= Beginning of Section =
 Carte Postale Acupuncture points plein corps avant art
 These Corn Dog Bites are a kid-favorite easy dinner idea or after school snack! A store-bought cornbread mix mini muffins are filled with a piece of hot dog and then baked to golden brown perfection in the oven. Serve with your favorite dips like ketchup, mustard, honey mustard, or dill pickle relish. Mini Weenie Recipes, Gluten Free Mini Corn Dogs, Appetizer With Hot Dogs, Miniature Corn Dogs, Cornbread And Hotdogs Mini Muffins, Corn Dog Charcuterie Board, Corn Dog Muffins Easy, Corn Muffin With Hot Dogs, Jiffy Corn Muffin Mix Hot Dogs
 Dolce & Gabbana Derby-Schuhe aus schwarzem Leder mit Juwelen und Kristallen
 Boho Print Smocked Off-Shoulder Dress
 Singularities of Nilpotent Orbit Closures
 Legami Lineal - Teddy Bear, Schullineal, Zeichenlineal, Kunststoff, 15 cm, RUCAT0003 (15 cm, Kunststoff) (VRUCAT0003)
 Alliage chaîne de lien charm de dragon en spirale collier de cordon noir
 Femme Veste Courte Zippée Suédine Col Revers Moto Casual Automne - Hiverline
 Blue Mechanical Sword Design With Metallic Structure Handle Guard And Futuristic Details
= End of Section =
Work required:
Filter the entries by the string "With" and copy each matching line.

Solution below:
 These Corn Dog Bites are a kid-favorite easy dinner idea or after school snack! A store-bought cornbread mix mini muffins are filled with a piece of hot dog and then baked to golden brown perfection in the oven. Serve with your favorite dips like ketchup, mustard, honey mustard, or dill pickle relish. Mini Weenie Recipes, Gluten Free Mini Corn Dogs, Appetizer With Hot Dogs, Miniature Corn Dogs, Cornbread And Hotdogs Mini Muffins, Corn Dog Charcuterie Board, Corn Dog Muffins Easy, Corn Muffin With Hot Dogs, Jiffy Corn Muffin Mix Hot Dogs
 Blue Mechanical Sword Design With Metallic Structure Handle Guard And Futuristic Details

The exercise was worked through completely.